Brilliant nymph (C. opis) in a collection of J. Dobson. [Image: JMK/Wikimedia Commons (CC BY-SA 3.0)]
The wings of the butterfly species Cynandra opis, also known as the brilliant nymph, have markings that appear intensely blue when illuminated and viewed from certain angles. The hue originates from the interaction of visible light with periodic nanostructures on the surface of the wing, a phenomenon known as structural color.
Now, researchers in Switzerland and China have replicated the nanostructures of C. opis using two-photon laser lithography, a type of 3D printing that achieves fabrication in a quick and scalable way (Adv. Mater., doi: 10.1002/adma.202109161). The optical technique could pave the way for easier creation of bio-inspired structural colors for technological applications, such as digital 3D displays and security features on banknotes.
Mimicking butterfly wings
Many studies have closely examined the photonic structures responsible for the striking colors of butterfly wings, but few have attempted to design and fabricate them. One reason is that some species were observed to have very complex 3D structures incorporating networks of ridges and lamellae causing multilayer interference, reflection and diffraction.

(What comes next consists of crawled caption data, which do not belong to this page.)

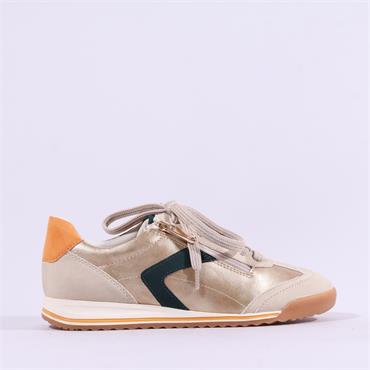 Marco Tozzi Grutti Side Zip Lace Trainer - Dune Combi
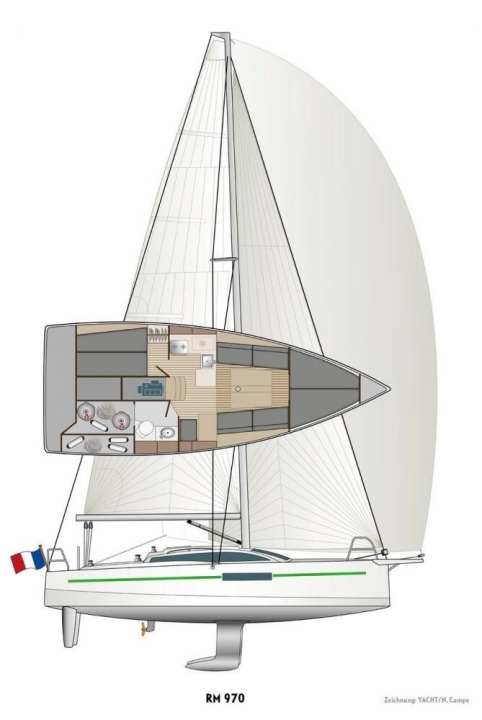   Disegno della crepa dell'RM 970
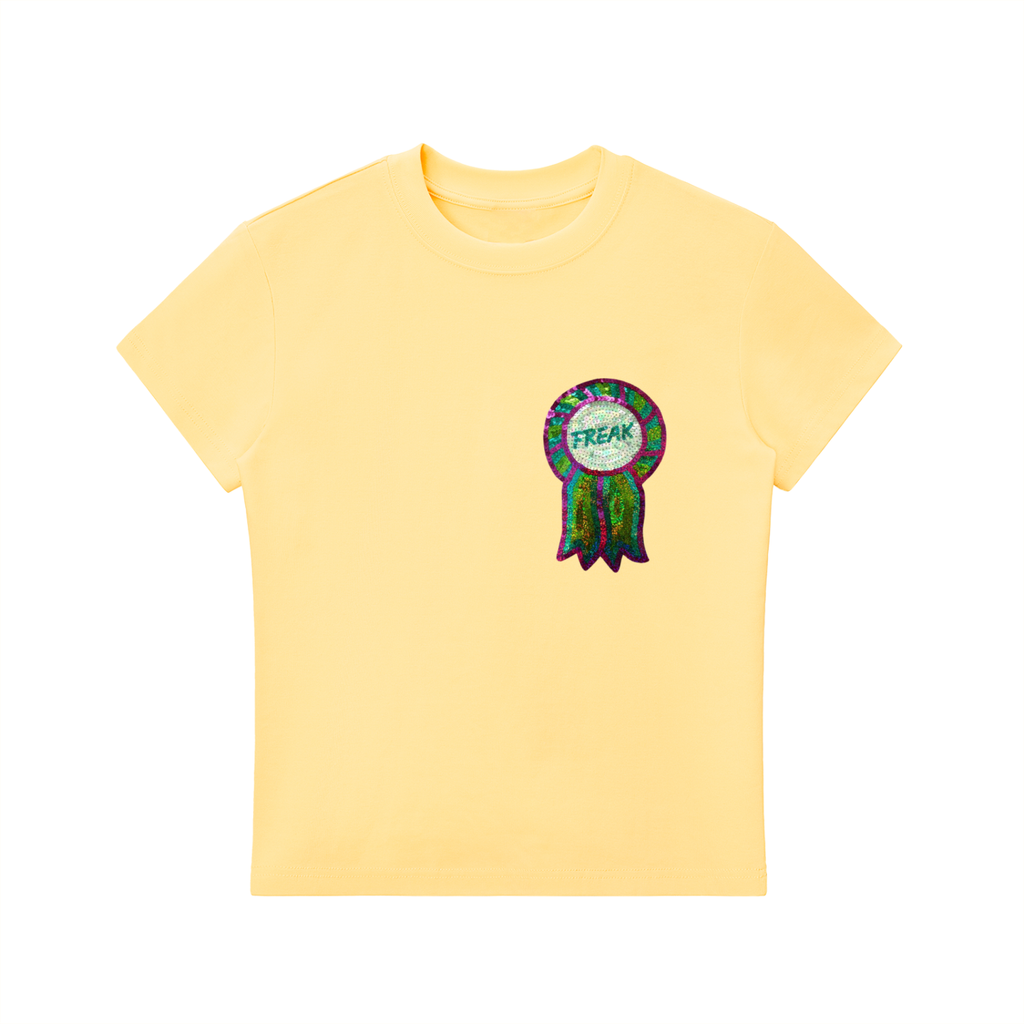 Freak Glitter Badge Fitted Tee
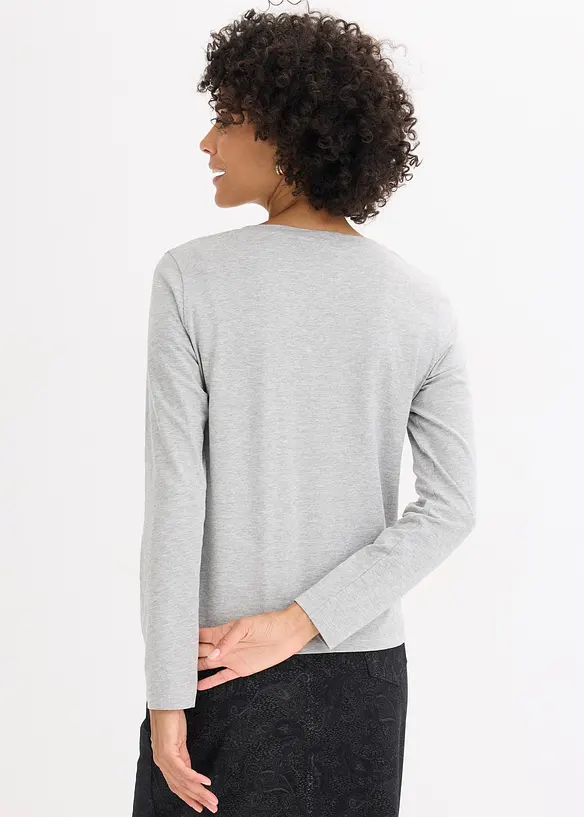 Longsleeve met opvallende print, bonprix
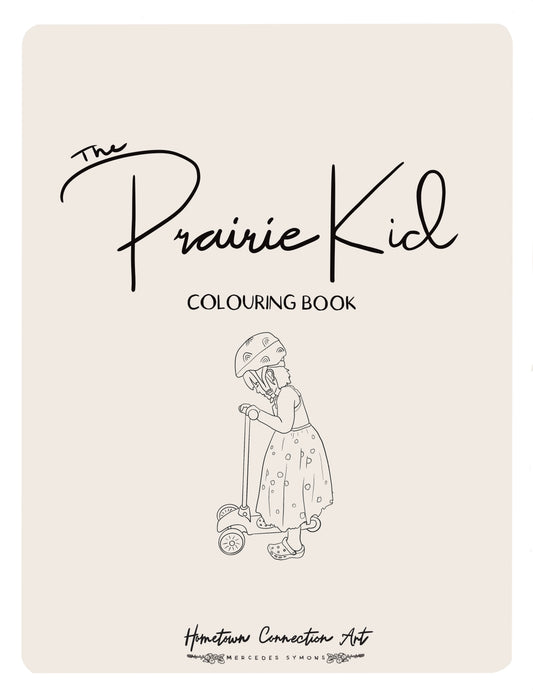 Prairie Kid Colouring Book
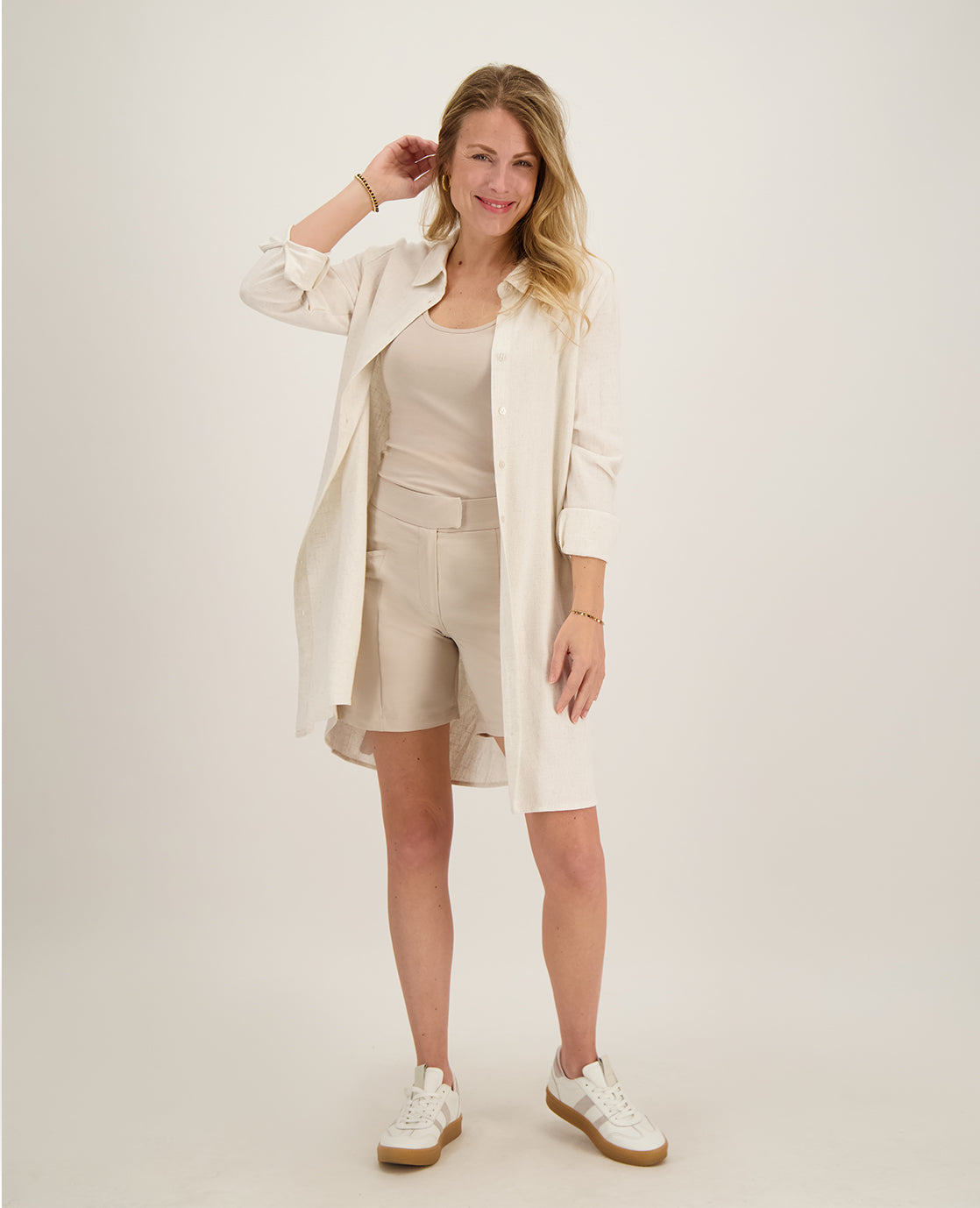 Short Chino Travel | Warm Greige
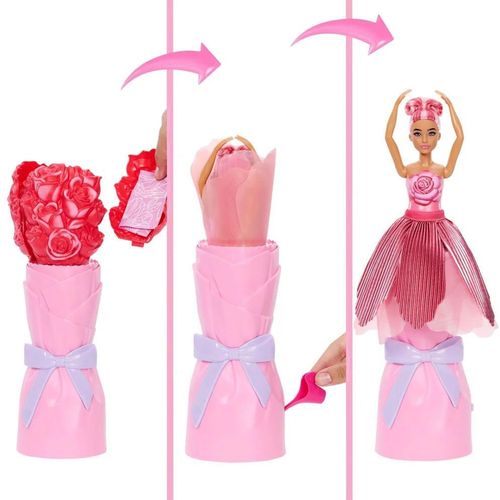 купить Кукла Barbie JMF59 Petal Pop cu aromă de trandafir roșu в Кишинёве 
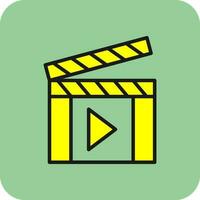 Video Vector Icon Design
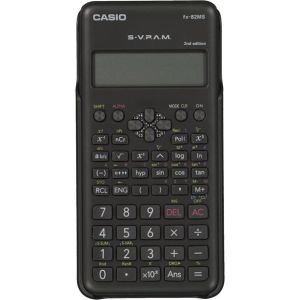 Obrázok pre výrobcu Casio kalkulačka FX 82 MS 2E, čierna, školská, s dvojriadkovým displejom
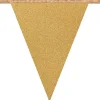 Flagbanner 6 m. Guldglitter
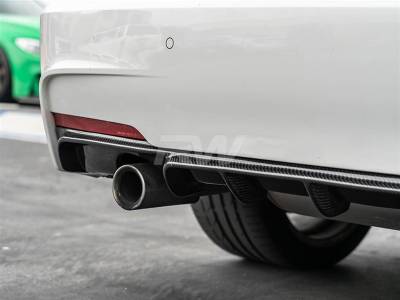 RW Carbon - BMW F30 F31 Performance Style Carbon Fiber Diffuser bmwf30008 - Image 5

“The regular nanostructures on the wings of Cynandra opis, however, were particularly well suited to reconstruction using 3D printing,” said Xiaobao Cao, lead author and former doctoral student at ETH Zurich, in a press release accompanying the research.
The wings of C. opis possess a less intricate pattern called a crossed double-grating. Micron-sized ridges form a periodic array, with ribs of a first grating extending outward to produce a second, underlying diffracting plane. Interference and diffraction effects both contribute to the resulting blue iridescence.
The researchers realized they could employ two-photon laser lithography—an optical 3D printing technique for fabricating microscopic structures with high-resolution features—to create a simplified version of the crossed double-grating.
All visible colors
The two-layer grid under the electron microscope. Left: a detail of a butterfly wing. Right: a portion of the 3D-printed structure. The lattice spacing is around 250 nm. [Image: Cao et al. Advanced Materials 2022]
The team’s two-photon laser lithography system used a femtosecond pulsed laser to illuminate a sample of photoresist on a glass substrate. A high-numerical-aperture lens tightly focused the laser onto the sample, solidifying the photoresist in a layer-by-layer fashion. In this way, the researchers could build bi-grating nanostructures, made up of two grid layers stacked perpendicularly on top of each another, with consistent surface quality and optical performance.
They varied the height and period of the grating features between 250 nm and 1.2 µm, discovering that such changes control the hue and purity of the resulting structural colors. In fact, this range was able to generate all the colors of the visible spectrum.
The researchers believe that two-photon laser lithography could be explored as a route towards large-scale production of nanostructures, given its speed and precision. Next, they plan to generate more complicated nanostructures with the technique—for example, adding disordered features into the bi-grating, which could lead to new and unique optical properties.